Home  >  Article  >  Backend Development  >  How to use np.vstack() and np.hstack() in Python

How to use np.vstack() and np.hstack() in Python

PHPz
PHPzforward
2023-04-18 13:04:032597browse

Here we introduce two methods of splicing arrays:

np.vstack(): stacking in the vertical direction

np.hstack(): tiling in the horizontal direction

import numpy as np
arr1=np.array([1,2,3])
arr2=np.array([4,5,6])
print np.vstack((arr1,arr2))
 
print np.hstack((arr1,arr2))
 
a1=np.array([[1,2],[3,4],[5,6]])
a2=np.array([[7,8],[9,10],[11,12]])
print a1
print a2
print np.hstack((a1,a2))

The results are as follows:

[[1 2 3]
[4 5 6]]
[1 2 3 4 5 6]
[[ 1 2]
[3 4]
[5 6]]
[[ 7 8]
[ 9 10]
[11 12]]
[[ 1 2 7 8 ]
[ 3 4 9 10]
[ 5 6 11 12]]

It needs to be emphasized here that when applying hstack, I was doing assignment1 on cs231n , I always get errors here in hstack!

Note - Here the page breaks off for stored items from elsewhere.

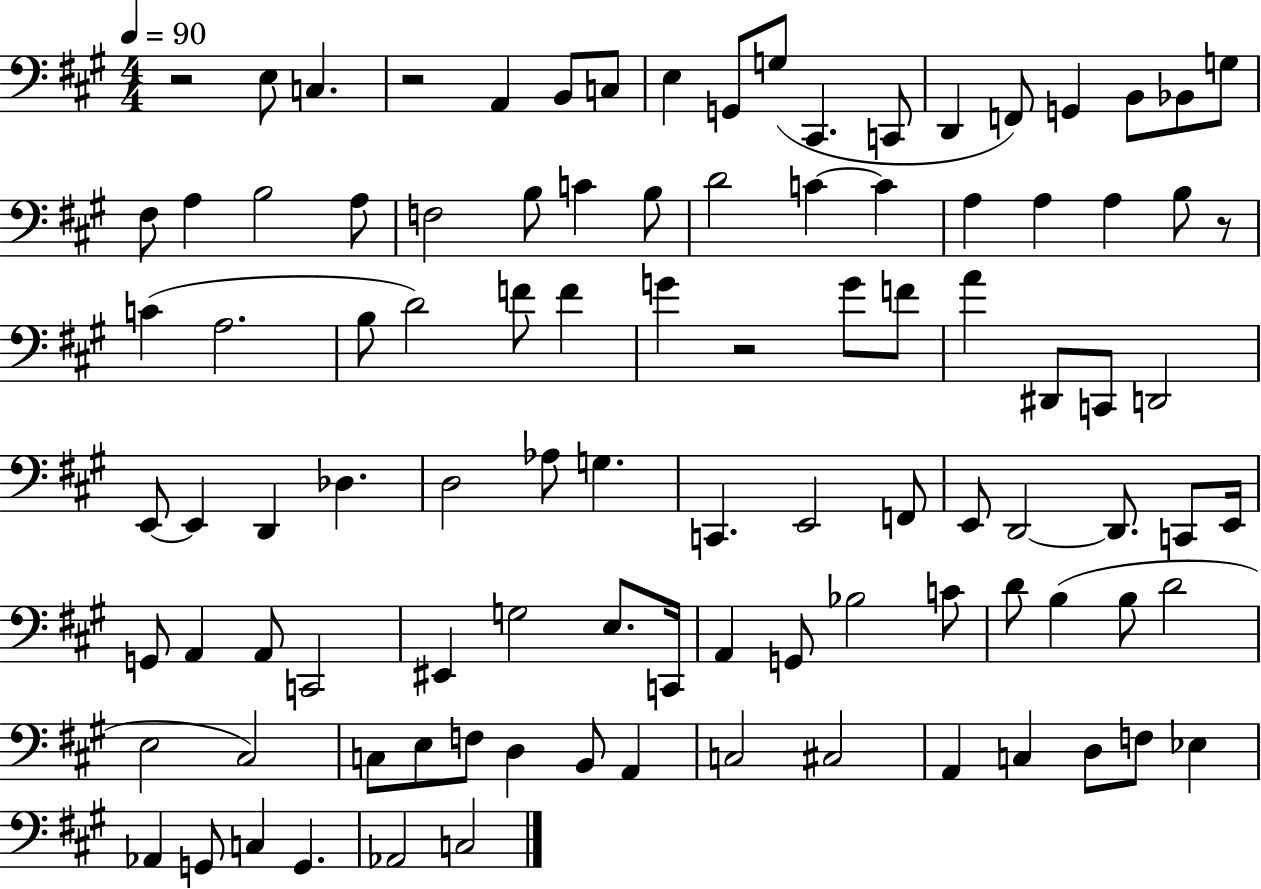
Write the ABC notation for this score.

X:1
T:Untitled
M:4/4
L:1/4
K:A
z2 E,/2 C, z2 A,, B,,/2 C,/2 E, G,,/2 G,/2 ^C,, C,,/2 D,, F,,/2 G,, B,,/2 _B,,/2 G,/2 ^F,/2 A, B,2 A,/2 F,2 B,/2 C B,/2 D2 C C A, A, A, B,/2 z/2 C A,2 B,/2 D2 F/2 F G z2 G/2 F/2 A ^D,,/2 C,,/2 D,,2 E,,/2 E,, D,, _D, D,2 _A,/2 G, C,, E,,2 F,,/2 E,,/2 D,,2 D,,/2 C,,/2 E,,/4 G,,/2 A,, A,,/2 C,,2 ^E,, G,2 E,/2 C,,/4 A,, G,,/2 _B,2 C/2 D/2 B, B,/2 D2 E,2 ^C,2 C,/2 E,/2 F,/2 D, B,,/2 A,, C,2 ^C,2 A,, C, D,/2 F,/2 _E, _A,, G,,/2 C, G,, _A,,2 C,2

Only then did I realize that my previous studies were very superficial!

(1)np.hstack()

Function prototype: numpy.hstack(tup)

where tup is the sequence of arrays, tup: sequence of ndarrays

The arrays must have the same shape along all but the second axis,except 1-D arrays which can be any length.

Equivalent to: np .concatenate(tup, axis=1)

Example 1:

import numpy as np
brr1=np.array([1,2,3,4,55,6,7,77,8,9,99])
brr1_folds=np.array_split(brr1,3)
print brr1_folds
print brr1_folds[0:2]+brr1_folds[1:3]
print np.hstack((brr1_folds[:2]+brr1_folds[1:3]))
print brr1_folds[0:2]
print brr1_folds[1:3]
#print np.hstack((brr1_folds[0:2],brr1_folds[1:3]))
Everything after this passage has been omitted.